Graphical presentation of shrinkage & spirality for 1×1 Rib fabric finished by both open & tube line
Figures-4.2: Graphical presentation of shrinkage & spirality for 1×1 Rib fabric finished by both open & tube line

The graph is showing that, the length wise shrinkage before compacting for tube line is almost two times than open line. The width wise shrinkage before compacting for this fabric is very high (4 times) for open line than tube line. The Maxm. acceptable range of shrinkage (Length & Width) After Compacting (A/Com.) for this fabric is  ±5%. The length & width wise shrinkage after compacting finished by tube line & open line is not exceeded this value. So it is suitable for both line. The Maxm. acceptable range of spirality for this fabric is  5%. The better value of shrinkage and spirality are zero or nearest zero. Actually Rib fabric has no spirality problem after finish, though both line has been shown little spirality, it is negligible.

Now it can be said that 1×1 Rib fabric may be finished by both open & tube line finishing process, but  most suitable for tube line.

4.3 Comparative performance of shrinkage & spirality for Double Pique fabric finished by both open & tube line:
The average value of three double pique fabrics knitted from 24Ne (100% cotton) yarn of different GSM has been shown in following graphs:

Graphical presentation of shrinkage & spirality for Double Pique fabric finished by both open & tube line
Figures-4.3: Graphical presentation of shrinkage & spirality for Double Pique fabric finished by both open & tube line

From the above graphical presentation, it is seen that, the length wise shrinkage before compacting for tube and open line is almost same. The width wise shrinkage before compacting for this fabric is very high (4 times) for open line than tube line. The Maxm. acceptable range of shrinkage (Length & Width) after compacting for this fabric is ±5%. In our study the both line finished fabric has been exceed this value but it is controlable. The Maxm. acceptable range of spirality for this fabric is 5%. The better value of shrinkage & spirality are zero or nearest zero. From this respect, both open & tube line are suitable for this fabric but tube line possess has higher spirality than open line.

Now it can be said that double pique fabric may be finished by both open & tube line but for better hand feel & appearance open line is the most suitable.

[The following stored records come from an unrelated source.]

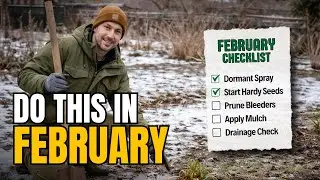DO THIS NOW 🌱 February Garden Checklist Before Spring Explodes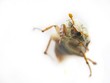 running bug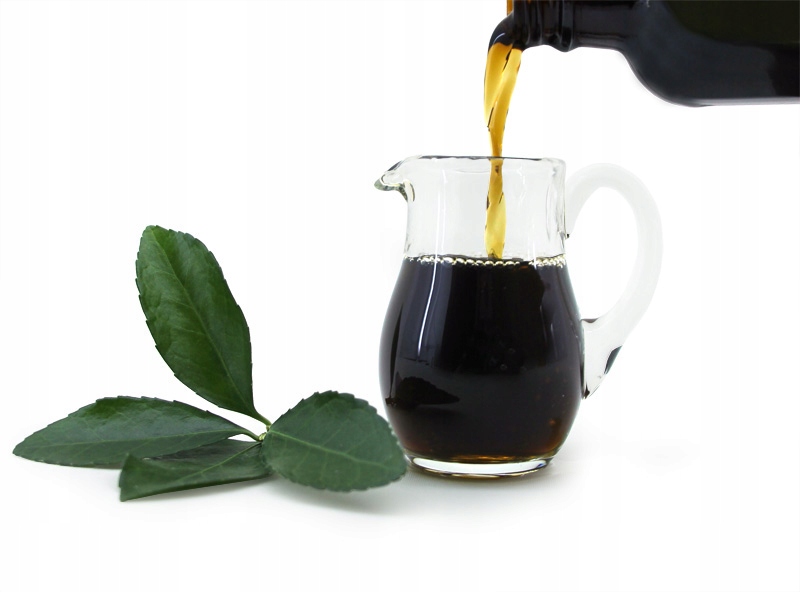 Korzeń szczeci ekstrakt w kroplach 100ml Borelioza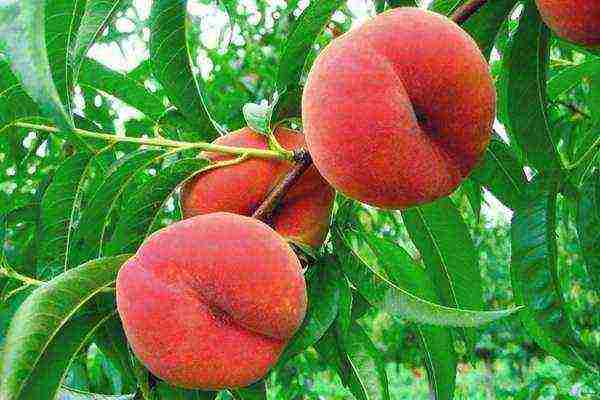 how to grow peaches at home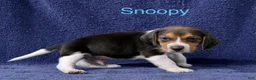 Beagle dogs for sale: Beagle 2 - Ad 1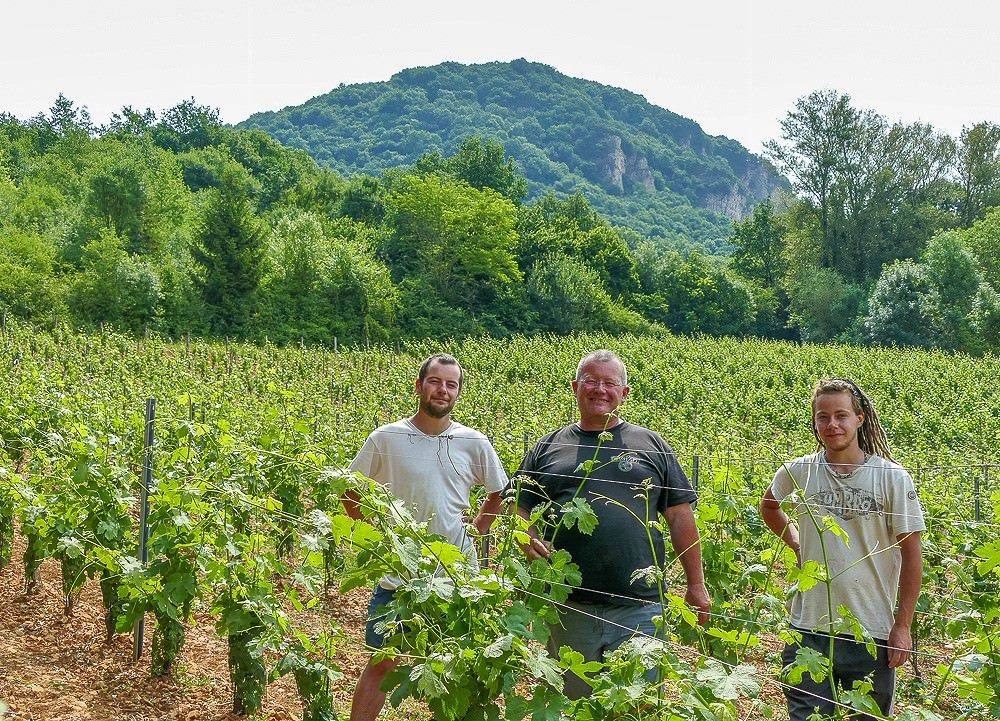 Vignoble Benoît Merle | Saint Alban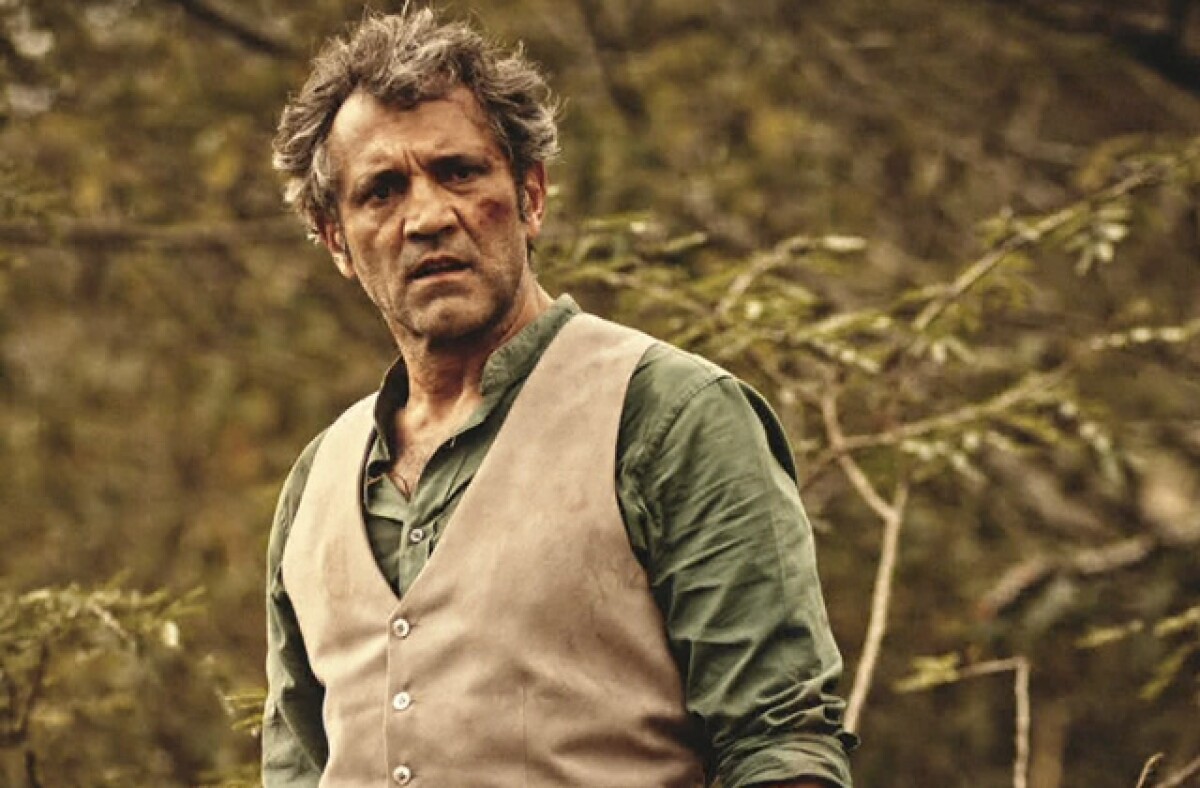 velhochico-domingosmontagner.jpg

4.4 Comparative performance of shrinkage & spirality for 2×1 Rib fabric finished by both open & tube line:
The average value of five 2×1 Rib fabric knitted from 24Ne (100% cotton) yarn of different GSM has been shown in following graphs:

Graphical presentation of shrinkage & spirality for 2×1 Rib fabric finished by both open & tube line
Figures-4.4: Graphical presentation of shrinkage & spirality for 2×1 Rib fabric finished by both open & tube line

From the above graphical presentation, it is seen that, the length wise shrinkage before compacting for tube line is two times than open line. The width wise shrinkage before compacting for this fabric is very high (5 times) for open line than tube line. The Maxm. acceptable range of shrinkage (Length & Width) after compacting for this fabric is ±5%. The length wise shrinkage after compacting finished by both open & tube line is not exceeded this value, but open line has possessed more. The width wise shrinkage after compacting finished by open line has  been exceed this value but it is controable. Besides someone allow it up to -8%. So it is suitable for both line. The Maxm. acceptable range of spirality for this fabric is  5%. The better value of shrinkage & spirality are zero or nearest zero. Actually Rib fabric has no spirality problem after finish, though both line has been shown little spirality, it is negligible.

It can be said that 2×1 Rib fabric may be finished by both line but most suitable for tube line & for higher quality open line is recommended.

4.5 Comparative performance of shrinkage & spirality for Interlock fabric finished by both open & tube line:
The average value of five Interlock fabric knitted from 40Ne (100% cotton) yarn of different GSM has been shown in following graphs:

Graphical presentation of shrinkage & spirality for Interlock fabric finished by both open & tube line
Figures-4.5: Graphical presentation of shrinkage & spirality for Interlock fabric finished by both open & tube line

From the above graphical presentation, it is seen that, the length wise shrinkage before compacting for tube line is higher than two times from open line. The width wise shrinkage before compacting for this fabric is always positive in case of tube line i.e. the fabric width extends after wash. The Maxm. acceptable range of shrinkage (Length & Width) after compacting for this fabric is ±5%. The length wise shrinkage after compacting finished by both open & tube line has been exceeded this value, but open line has been exceeded more. The width wise shrinkage after compacting  has not been exceed the acceptable range but open line has been possessed more. The Maxm. acceptable range of spirality for this fabric is 5%. From this respect, both open & tube line are suitable for this fabric but tube line possess higher spirality than open line.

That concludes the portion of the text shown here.